Task brief. Transcribe, starting at the line with "パレード スチールケース レッド" and ending at the line with "Building Photo - 13914 Oakwood Ln", every line of the material below exactly, but leave out the pictures and anything outside that span.

Record extracts.
* * * * * * * * *

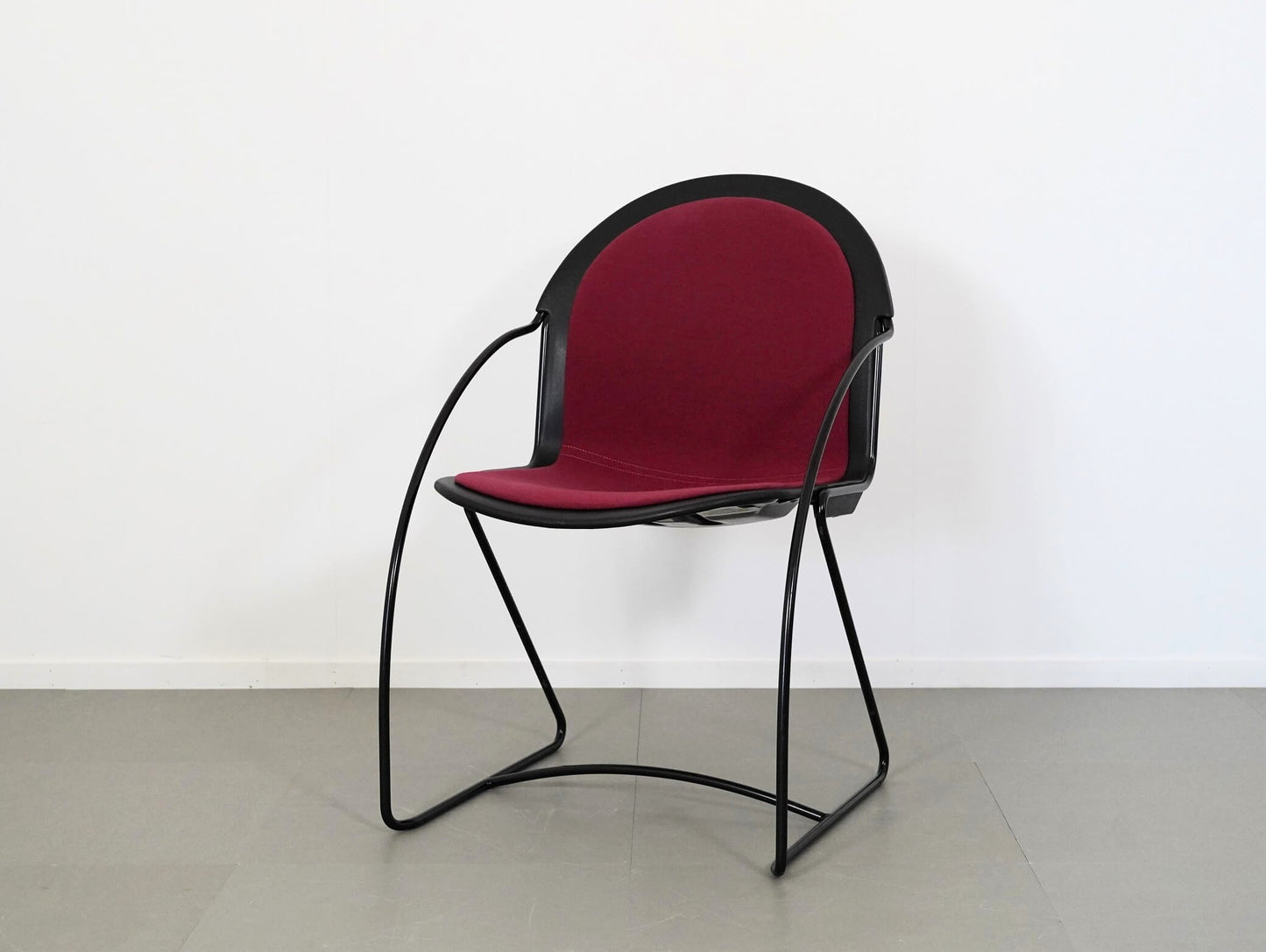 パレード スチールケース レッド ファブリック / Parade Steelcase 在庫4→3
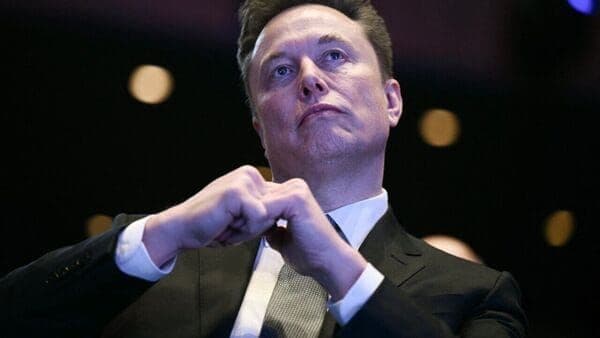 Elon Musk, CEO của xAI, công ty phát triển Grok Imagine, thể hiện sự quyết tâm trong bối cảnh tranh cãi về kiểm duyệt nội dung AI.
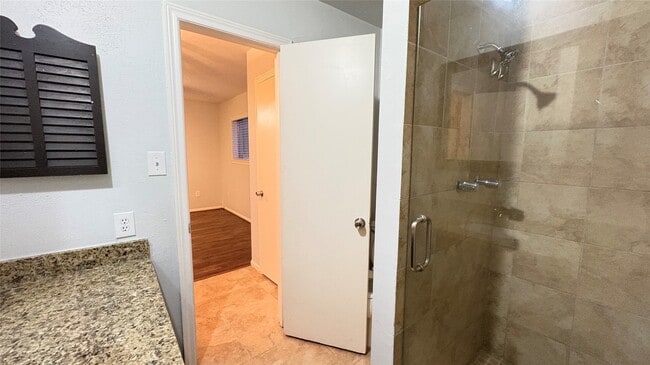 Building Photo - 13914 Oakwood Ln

* * * * * * * * *

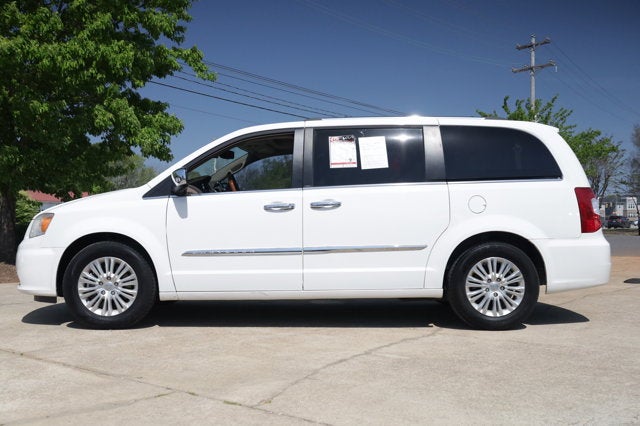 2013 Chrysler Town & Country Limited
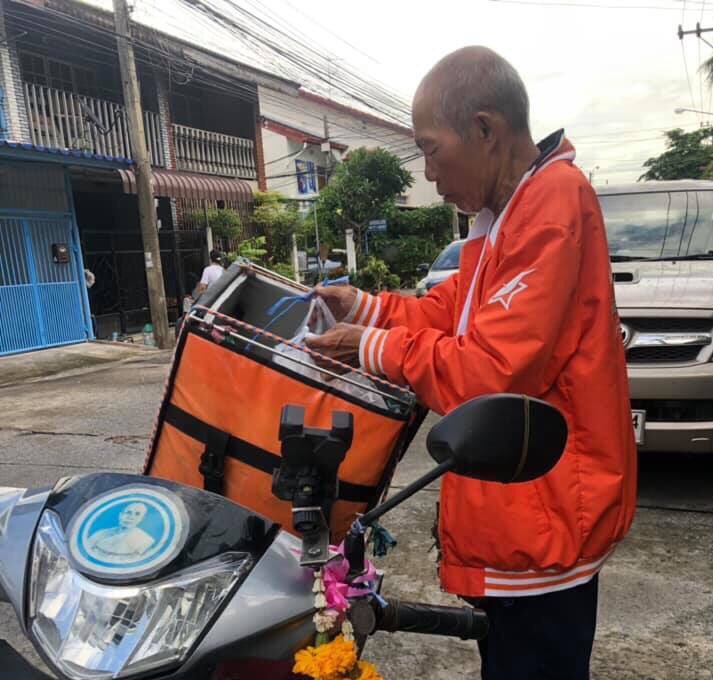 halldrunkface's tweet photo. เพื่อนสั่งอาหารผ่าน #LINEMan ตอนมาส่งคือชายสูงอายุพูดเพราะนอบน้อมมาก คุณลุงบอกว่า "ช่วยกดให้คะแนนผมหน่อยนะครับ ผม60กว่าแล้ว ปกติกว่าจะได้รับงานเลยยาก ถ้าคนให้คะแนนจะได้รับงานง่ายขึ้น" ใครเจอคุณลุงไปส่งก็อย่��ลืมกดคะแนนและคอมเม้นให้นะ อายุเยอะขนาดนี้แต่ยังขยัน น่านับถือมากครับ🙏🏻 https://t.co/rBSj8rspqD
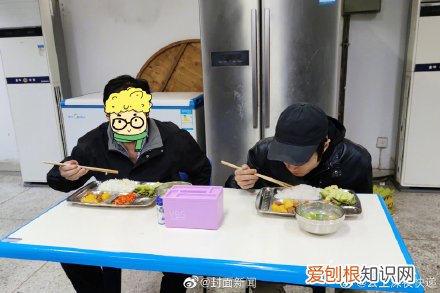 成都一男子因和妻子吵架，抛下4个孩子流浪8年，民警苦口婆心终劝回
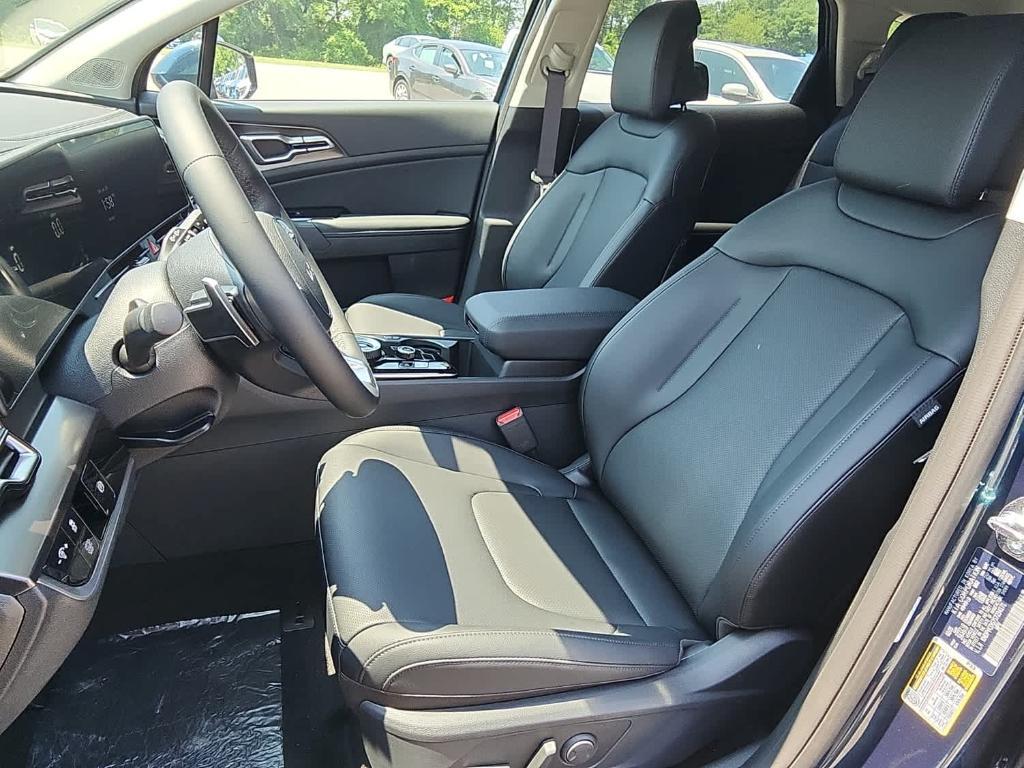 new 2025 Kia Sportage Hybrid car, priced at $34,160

* * * * * * * * *

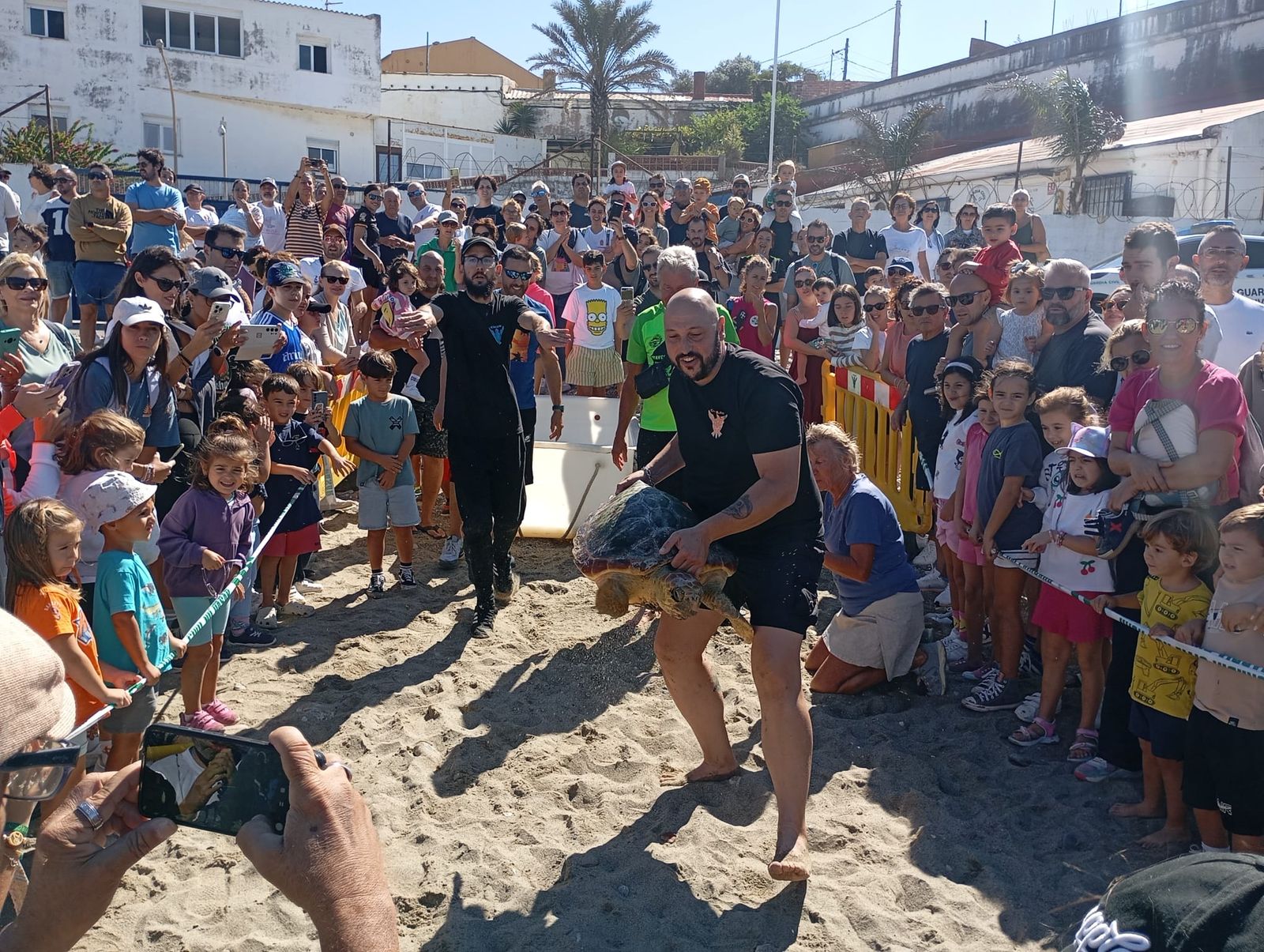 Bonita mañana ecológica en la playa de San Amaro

* * * * * * * * *

Result below.
 パレード スチールケース レッド ファブリック / Parade Steelcase 在庫4→3
 Elon Musk, CEO của xAI, công ty phát triển Grok Imagine, thể hiện sự quyết tâm trong bối cảnh tranh cãi về kiểm duyệt nội dung AI.
 Building Photo - 13914 Oakwood Ln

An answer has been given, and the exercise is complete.